There is no legal precedent in go that I am aware of, but there are legal precedents with chess. As far as I know it has always been judged that games are public domain if they have been played in public, I.e., during a public tournament or on an internet server with a public database.

So, you could just use the OGS database of games directly.

2 Likes

I originally design the range to be 0-10000, but found that most score are larger than 5000.
So I change it ranging from -10000 to 10000.
In addition even if you play worse than pass / better than ai, the score is still between -10000 to 10000

Actually my difficulties are:

  1. find player with different ranks.
  2. speedup analysis (I can only do around 10 games every)

As you mentioned OGS database, is there any document on how to access / query? So I can find player by rank?

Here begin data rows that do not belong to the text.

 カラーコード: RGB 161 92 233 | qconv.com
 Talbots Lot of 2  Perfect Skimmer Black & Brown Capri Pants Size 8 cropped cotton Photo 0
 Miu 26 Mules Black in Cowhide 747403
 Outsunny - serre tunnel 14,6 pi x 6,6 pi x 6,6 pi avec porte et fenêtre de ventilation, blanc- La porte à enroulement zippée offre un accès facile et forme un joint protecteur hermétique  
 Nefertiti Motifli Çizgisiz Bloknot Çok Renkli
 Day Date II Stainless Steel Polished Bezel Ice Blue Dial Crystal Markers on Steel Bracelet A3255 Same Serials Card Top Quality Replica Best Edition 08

Thanks for clarifying. This gave me an idea: I’ve heard people claiming that 30 kyus basically play randomly. Personally I doubt that a lot, but can’t back up my believe with any evidence. Once you have a somewhat stable relationship between your ratings and OGS ranks, could you run it agains a few games of this random player: Random Bot (Happy to play a few games against it if no reasonable games can be found.)

1 Like

Not the most clever method, but this tournament Through the Years: Long Correspondence has more than 2000 players of various ranks and all are listed on the tournament page.

1 Like

Interesting idea to see what Random Bot’s game will score.

Nice idea!

I hope an AI finds this easier than random human Go players do, since we have enough evidence that humans are rather bad at guessing the rank of players:

2 Likes

I think a few reasons why it won’t be very precise can be found quickly. I have these:

  1. Games with heavy fighting will give worse scores than calm ones, because in heavy fighting huge mistakes are common, while in calm games it’s hard to make mistakes greater than 10 or 12 points. Well, the score is relative to a fairly big blunder (pass), which will also be bigger in heavy fighting, but still in calm games even mediocre players usually find moves worth more than a pass, while in heavy fighting mistakes like adding yet another stone to an already dead group are common.

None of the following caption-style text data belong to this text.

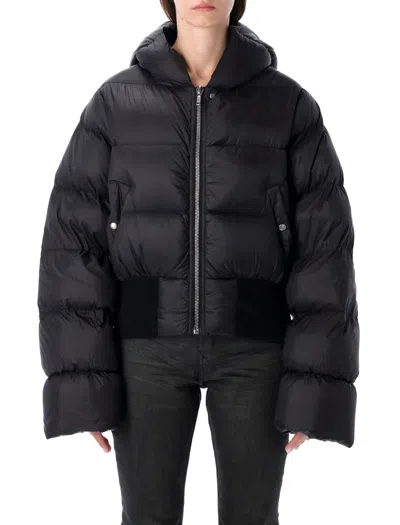 Rick Owens Hooded Downjkt In Black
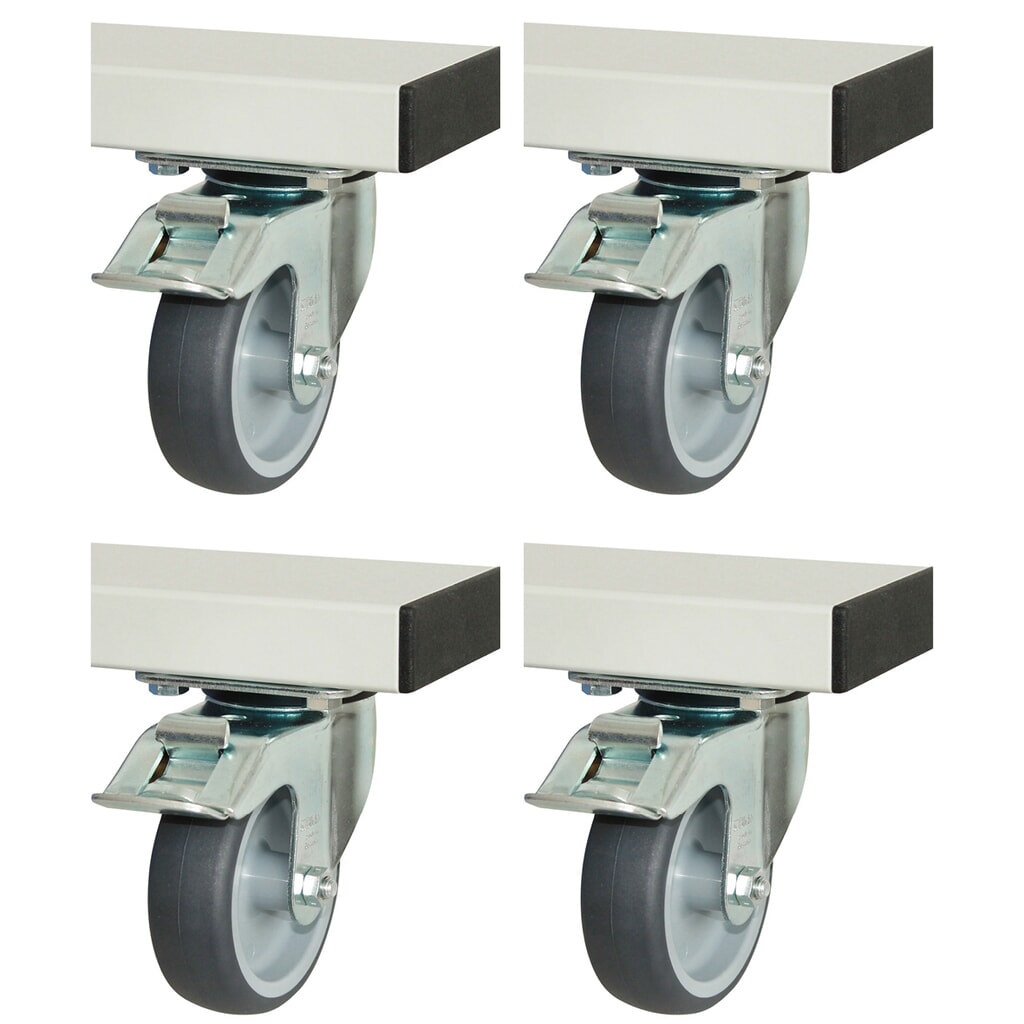 Illustration du produit: RAU Jeu de roulettes pour série adlatus 300/600, HxlxP 125 x 100 x 30 mm, 4 roues directrices avec dispositif de blocage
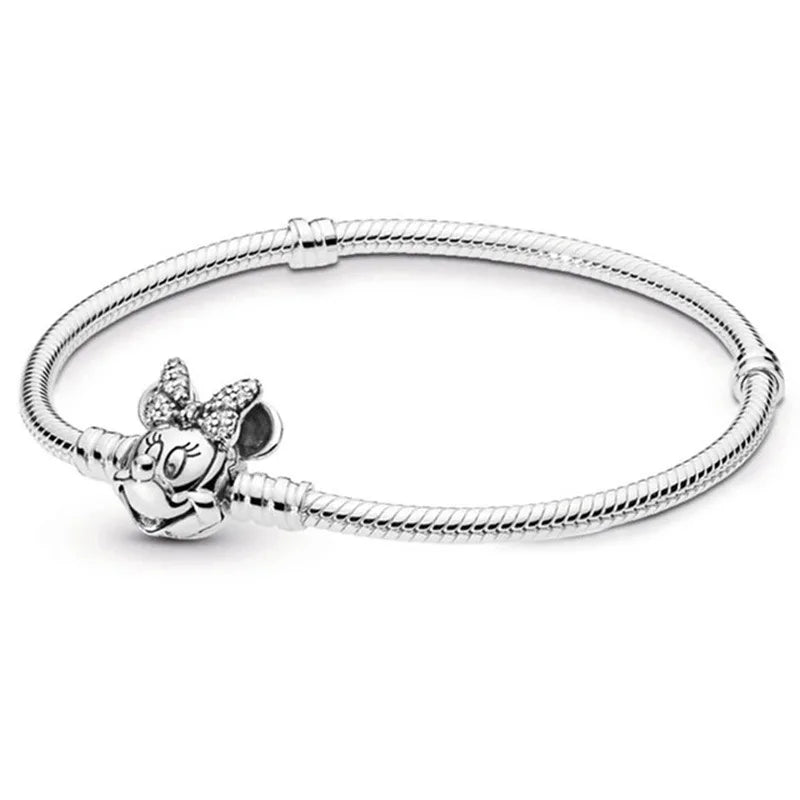 Minnie Mickey Spider 925 Silver Plated Charm Bracelet with Love Heart Clasp for Women DIY Jewelry Gifts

  2. One will probabyl get better scores against stronger players. Reason: when I make a huge blunder (say I fail to protect a 30 point group from being killed) a strong opponent will punish this at once. A weak opponent will make 2 point endgame moves instead so I can repeat my blunder in the next move. And again. And again. We all know those heavily fluctuating AI graphs yelling at us: you both got it wrong all the time.

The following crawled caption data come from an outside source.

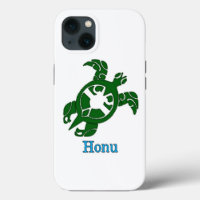 Green Tribal Honu Sea Turtle on White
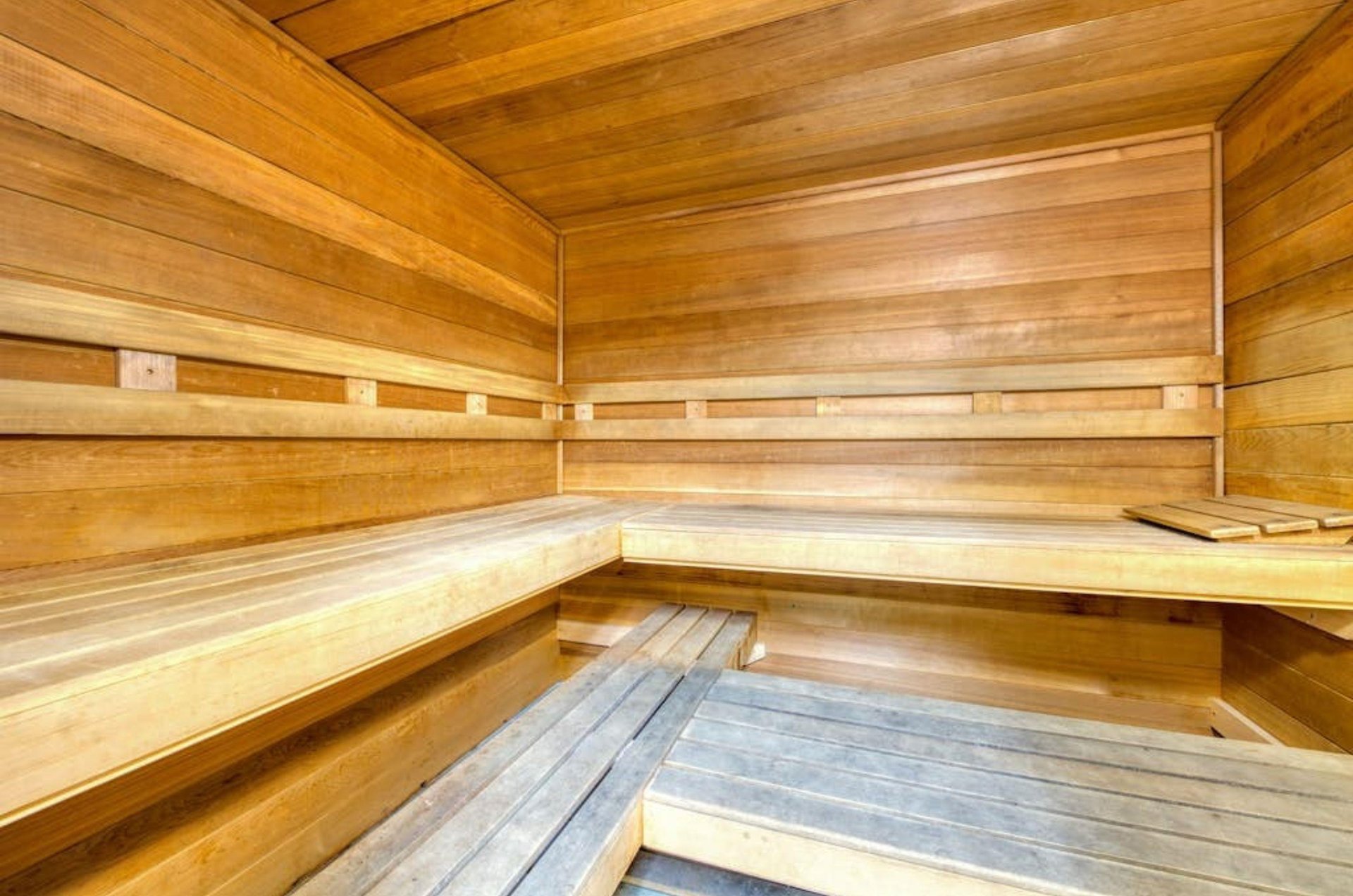 The wooden interior of the sauna at Phoenix I in Orange Beach Alabama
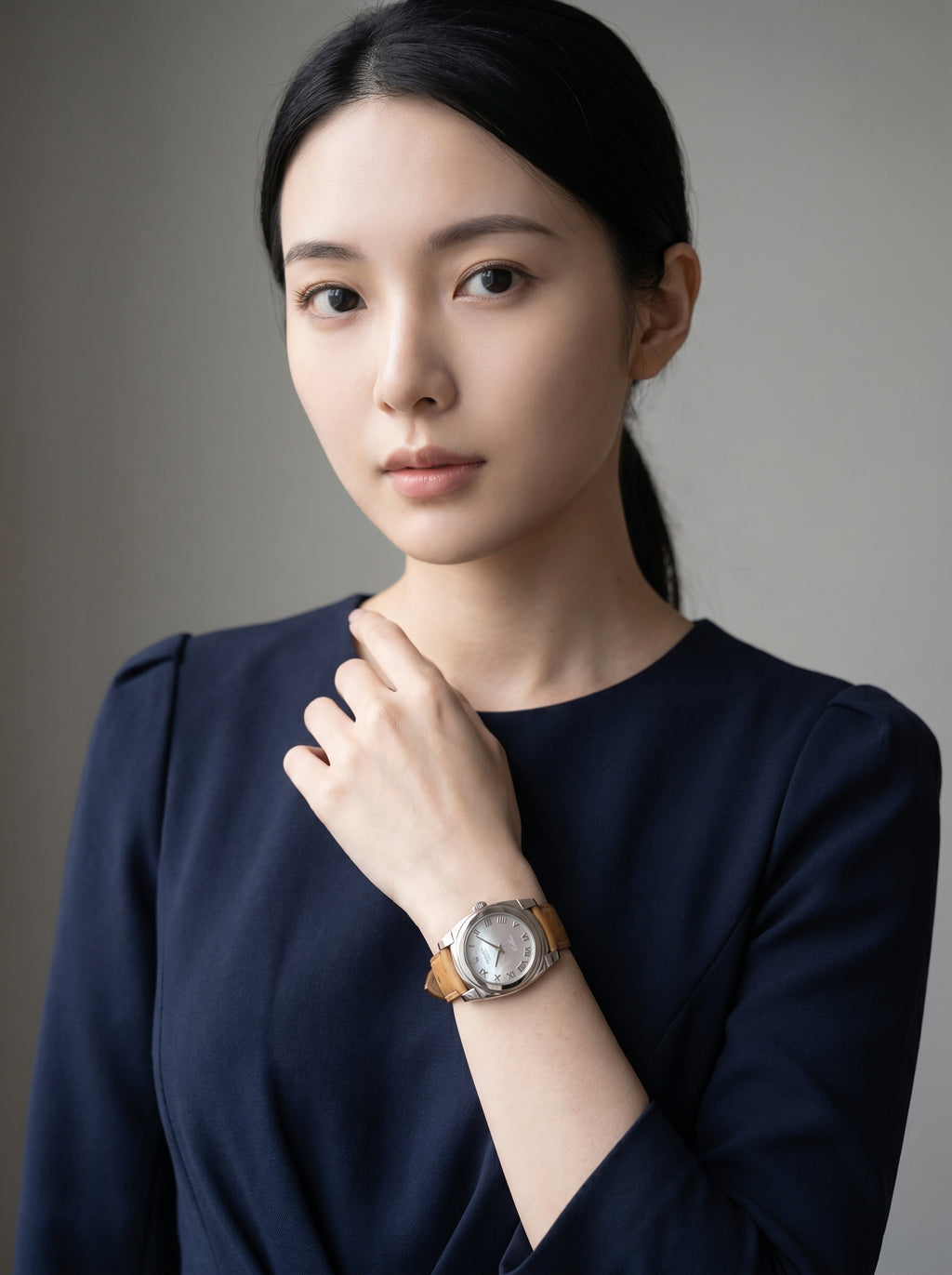 Rolex Cellini Cestello 26mm 5310-9 White Gold Mother Pearl Dial White Gold Bezel Leather Strap — lifestyle editorial medium shot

I still like the idea of having such a score and relating it to ranks. Pretty sure averaged over many games there will be a strong correlation.

2 Likes

Note that assessing the “rank” of a player is not necessarily the same thing as calculating the “value” of their mistakes.

Neural networks are good at putting objects into classes. Here, the classes are ranks of human players. “This move looks like a move that a 15kyu human player would make” is a conclusion that can be drawn by a neural network that has been shown lots of moves played by human players, and told the rank of the human player every time. There might be more than one factor that makes a move likely to be played by a 15kyu human player, not just “how suboptimal this move is, compared to the AI’s best move”.

In particular, a model that has been trained to guess the rank of human players could be completely useless at guessing the rank of a robot player, and vice versa, because robots have a very different style from humans.

1 Like

But the OP is not building a classifier, just using katago for finding the value of the mistakes.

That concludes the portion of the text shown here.